Farm loan waiver: How to nip it in the bud -Naveen P Singh

-The Economic Times

Despite substantial increase in agriculture production and productivity levels over the years, farmers’ indebtedness has not changed significantly. According to the National Bank for Agriculture and Rural Development (Nabard) All India Rural Financial Inclusion Survey (Nafis) 2016-17, 52.5% of agricultural households were indebted.

Considerable efforts have been taken in channelising institutional credit to farmers and raising farm credit disbursement targets, with allocations increasing by Rs 1 lakh crore in every Union Budget over the past three years. But non-institutional credit still hovers around 40%, and the majority of small and marginal farmers rely on moneylenders.

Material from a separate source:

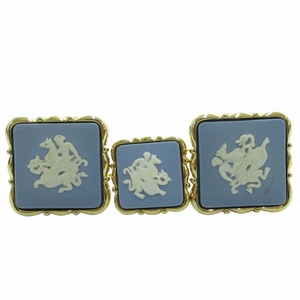 ウェッジウッド WEDGWOOD by Stratton カフス ピンセット アクセサリー ロゴ ゴールド金具 金色 青 ブルー /FF 0822 ■GY18 メンズ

The share of marginal and small agricultural households in total non-institutional borrowings is around 52.40%. Moreover, access to institutional borrowings increases as land size increases and vice versa. Since 2014, India has seen large-scale loan waivers as a populist device and a short-term tool addressing the plight of delinquent farmers.

Starting from waivers in Andhra Pradesh and Telangana of Rs 24,000 crore and Rs 17,000 crore, respectively in 2014, and in Tamil Nadu of Rs 6,095 crore in 2016, a wave of farm debt relief spread across states. In 2017-18, Maharashtra waived off Rs 34,000 crore of loans, Uttar Pradesh Rs 36,000 crore, Punjab Rs 10,000 crore and Karnataka Rs 8,000 crore. Most recently, the newly elected governments in Madhya Pradesh, Rajasthan and Chhattisgarh also started the process in December 2018.